Please, Lord, let her wait until I’m dead. 

This originally appeared in my column in the May 16, 2012 issue of "The Pilot" newspaper.

April 26, 2012

Digging the Pig


I’m obsessed with pigs, and it started with the best pig of all time: Miss Piggy.

I had the Miss Piggy puppet, cookie jar, pajamas, lamp and well, it’s safe to say I had the works. Purple was my favorite color because it was The Pig’s favorite. My love for Miss Piggy endured even when I was supposedly too old (so my friends told me) to dig the pig.

I begged my parents to let me paint my room purple, something they weren’t too keen on in the days when mauve and peach were the trend.
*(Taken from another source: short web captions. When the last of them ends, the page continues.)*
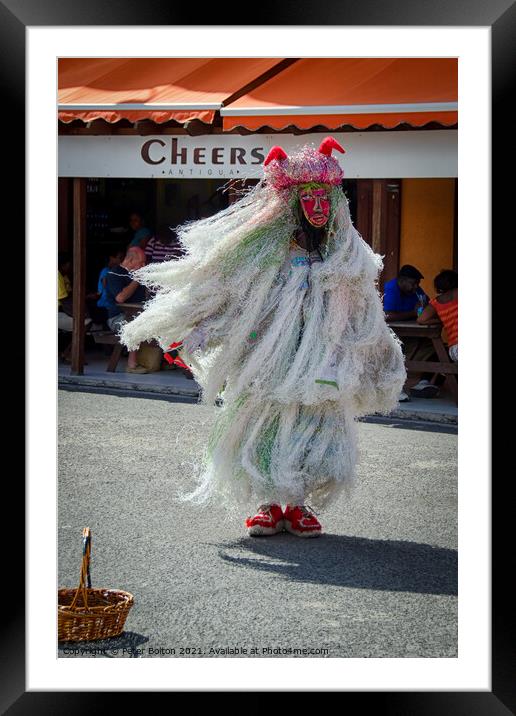 Street performer in St. John's, Antigua, Caribbean. Framed Mounted Print by Peter Bolton
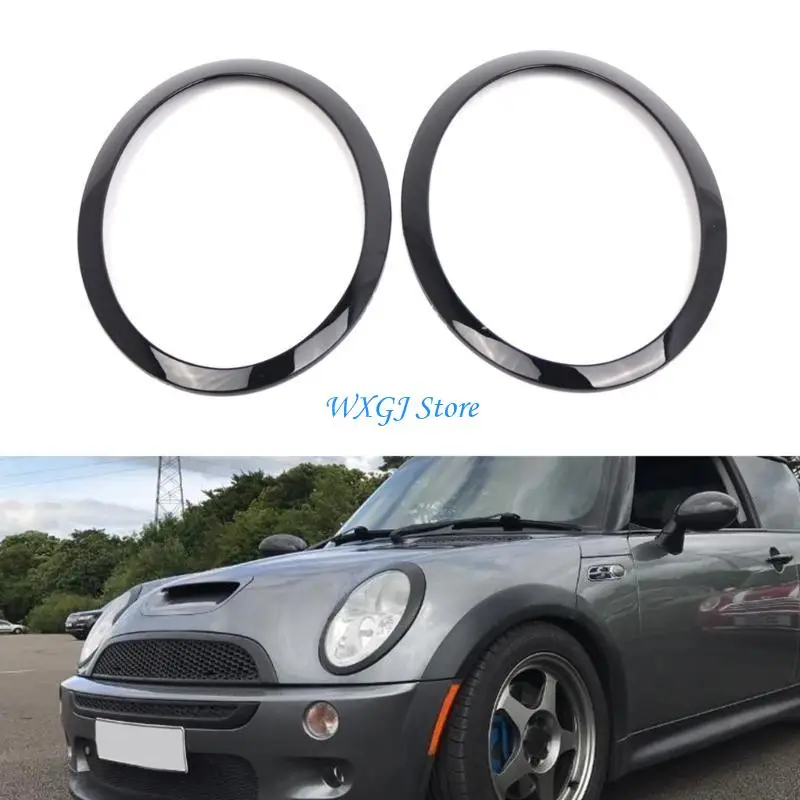 

37JE 1 Pair Headlight Trim Rings Car Spare Part used for Vehicles R52 R53 2001-2006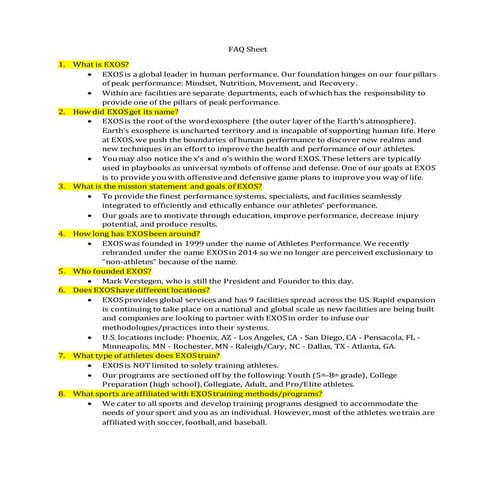 FAQ Sheet | PDF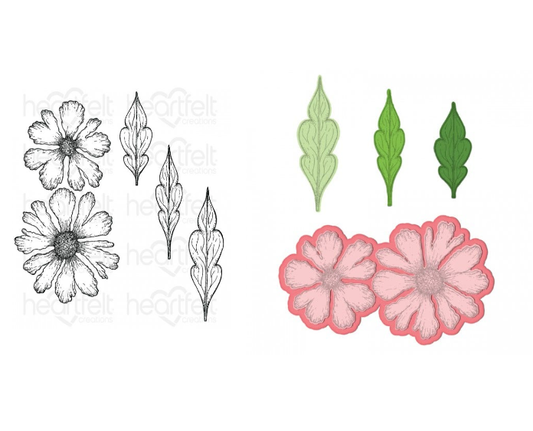 Large Sweet Peony Cling Stamp Set and Die COMBO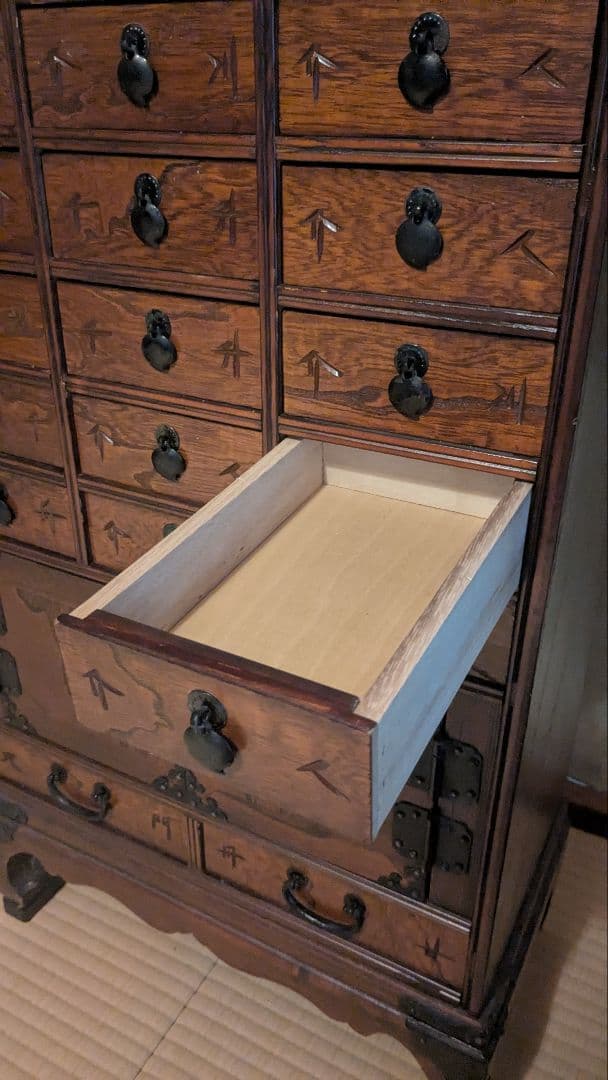 薬棚 薬箪笥 木製引き出し収納チェスト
They finally relented after I caught our kitchen on fire.

It was a bustling morning because it was the most important day in the life of a seventh grader: school picture day. After popping some bread in the toaster, I rushed to my closet to don my purple outfit. I had special permission to wear makeup (purple mascara!) and pantyhose. I was fighting the pantyhose, one leg in and one leg half in, when the fire detector shrilled. I ran-hopped into the kitchen. My dad had beaten me to the source of the fire, the toaster, where he was batting with a kitchen towel the flames licking the ceiling.

My parents were very cool about the whole fire thing. How was I to know, they reasoned, that one should not put toast back into the toaster after slathering it with butter?

Though it was only our kitchen that was destroyed, I got lucky. Thanks to the smoke damage, we had to redo the whole house. Woo hoo, I got my purple room, which unbelievably, is still purple to this day. Bella gets a kick out of sleeping in my old bed surrounded by relics of The Pig.

My dad was into pigs, too, but he liked the real ones. He decided to raise one of his own, built a pen and brought home an adorable pink thing whose oinks sounded more like squeaks. I named her Petunia, and my sister and I walked her around our yard on a leash. After she grew up and was too heavy to frolic with a little girl, I visited her in her pen and petted her as I scooped food into her trough.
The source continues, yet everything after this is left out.